Connecticut on Friday submitted a preliminary, ambitious plan to the Centers for Disease Control and Prevention for how the state would distribute a COVID-19 vaccine, if and when a safe and effective one is ready.
The proposal calls for a three-stage vaccine distribution plan that prioritizes health care workers who come in contact with potentially infected people, other “essential workers” and people at higher risk of a COVID-19 infection, including those who are 65 and older.
It also begins to set up a blueprint for a distribution network, made more difficult because two of the vaccine candidates must be kept at super-cold temperatures, and most of them would require two doses.
The draft proposal was based on the state’s emergency response plan and its influenza vaccination program.

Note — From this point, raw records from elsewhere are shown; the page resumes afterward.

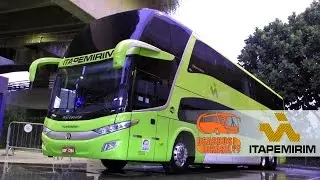 Via&ccedil;&atilde;o Itapemirim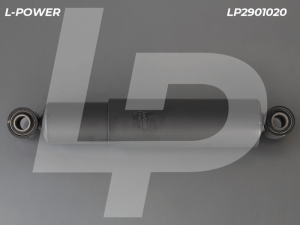 П50.11.2905006-30 Амортизатор задний 445/695 КАМАЗ 5490 с/б L-POWER LP2901020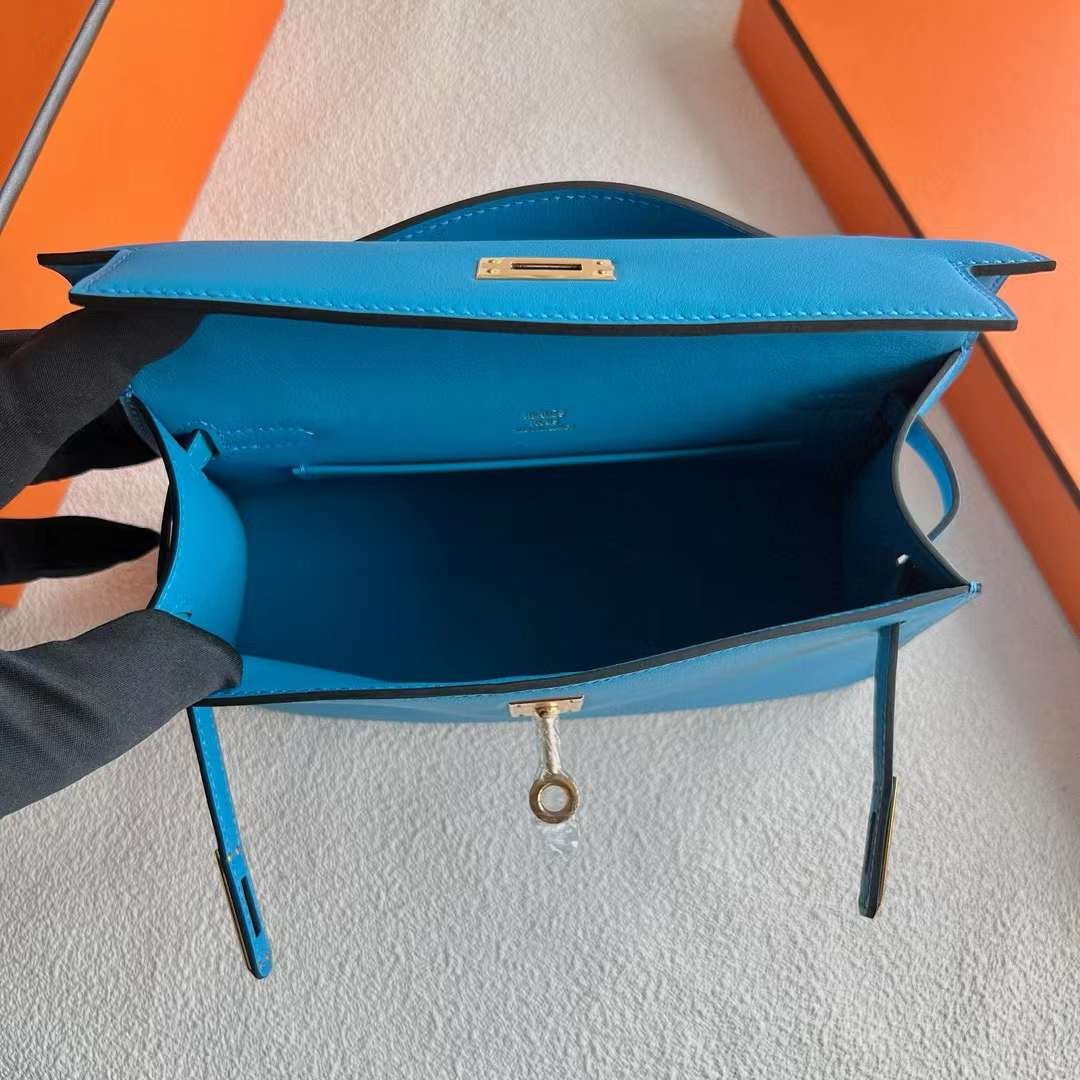 Kelly Pochette 22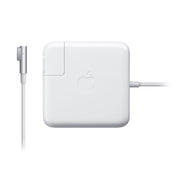 Cumpara Resigilat: Adaptor priza MagSafe Apple pentru MacBook, 60W, Alb de la Mesterul Minune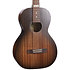 Mahogany Parlour Blackburst A/E Godin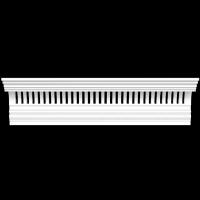 Карниз потолочный Artpole SKT79V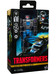 Transformers: Age of the Primes - Combaticon Vortex Deluxe Class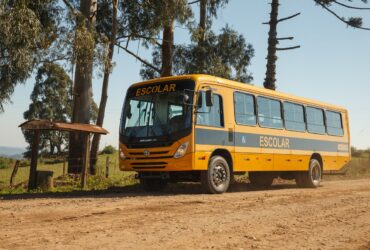 Programa Caminho da Escola VWCO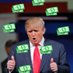 Trump Tariffs (@trumptariffsai) Twitter profile photo Trump Tariffs (@trumptariffsai) Twitter profile photo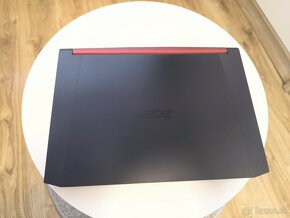 Predám notebook Acer Nitro 5 AN515 - 5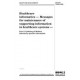 BS DD ENV 13609-2:2000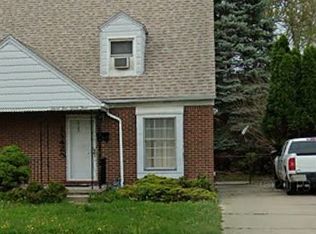 11423 Greiner St, Detroit, MI 48234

“However, significant additional planning is needed to operationalize a vaccination response to COVID-19 as its scope and complexity is more significant than seasonal influenza or other previous outbreak-related vaccination initiative,” the proposal said.
An outside consultant, All Clear, was also involved in helping the Connecticut Department of Public Health draft the plan. All states were given an Oct. 16 deadline by the CDC to provide draft distribution plans and must provide a list of distribution centers by Nov. 1.
According to the draft plan, after the top-priority workers and susceptible populations get the vaccine, Phase Two and Phase Three would include inoculations of anyone that did not receive the vaccine in Phase One, “critical populations,” which include nursing home residents not inoculated in Phase One, police and firefighters, incarcerated individuals, and the general public.
The vaccine will be provided at no cost and distributed by the CDC to states based on their population. But making it available to those who most need it will be a challenge for Connecticut and every other state.
The DPH’s distribution plans said the agency will give preference to distributors who are mass vaccination providers and who serve the populations that must be vaccinated during the early phases of the initiative.
The vaccines will be sent by the CDC to approved distributors. In the case of a vaccine that requires cold storage, it will be sent directly from a manufacturer to distribution centers in the state. Those could include hospitals, health care centers, pharmacies and perhaps some doctor’s offices.
To become a “vaccinator,” a doctor, hospital or clinic must agree to the terms of the CDC COVID-19 vaccination program.
In its draft plan, the Department of Public Health told the CDC that Connecticut has a decentralized system of 169 towns, 65 local health agencies and 20 health districts with jurisdictions spanning from two to 20 towns.
“Emergency operations will be carried out principally by local officials and resources, supported by mutual aid, then, if requested, state forces, and, as available and needed, by military and/or federal forces,” the proposal said.
The plan also said the state has empaneled a Governor’s Vaccine Advisory Group that includes individuals with experience in vaccine safety, health care and access issues for critical populations that will help fine tune and fill in “gaps” in the state’s vaccine distribution plan.
“The Governor’s Advisory Group is working to finalize a strategy to ensure equitable access to vaccine and to combat vaccine hesitancy,” the document said. “The preliminary strategy is to place more (distributors) in population-dense areas of the state.”
The preliminary plan also indicated there are several unknowns that stand in the way of successful vaccine distribution, including identifying the location of those with pre-existing conditions that make them vulnerable to a severe case of COVID-19, those who are 65 and older and other vulnerable populations in the state.
“It’s a major undertaking and it’s going to take a long time,” said DPH spokesman Av Harris.
The draft plan said that “initial supplies of COVID-19 vaccine may be available in fall 2020.” While the Trump administration’s “Operation Warp Speed” focuses on quick coast-to-coast distribution, a vaccine is not likely to be approved by the Food and Drug Administration, even through a streamlined process of emergency use, for at least a couple of months.
Pfizer and its German partner BioNTech on Friday said they hope to present the FDA with a vaccine candidate by the third week of November. But the FDA recently adopted guidelines to ensure vaccine safety through an extended, two-month monitoring of those who participated in a drug company’s final clinical trial.
Anthony Fauci, director of the National Institute of Allergy and Infectious Diseases, predicted this week that a vaccine would not be available until April of next year at the earliest.
Besides Pfizer, Moderna, Astra-Zeneca and Johnson & Johnson are working on vaccine candidates. But AstraZeneca and Johnson & Johnson were forced to pause their final clinical trials for safety reasons, which could further delay their applications of a successful vaccine candidate to the FDA.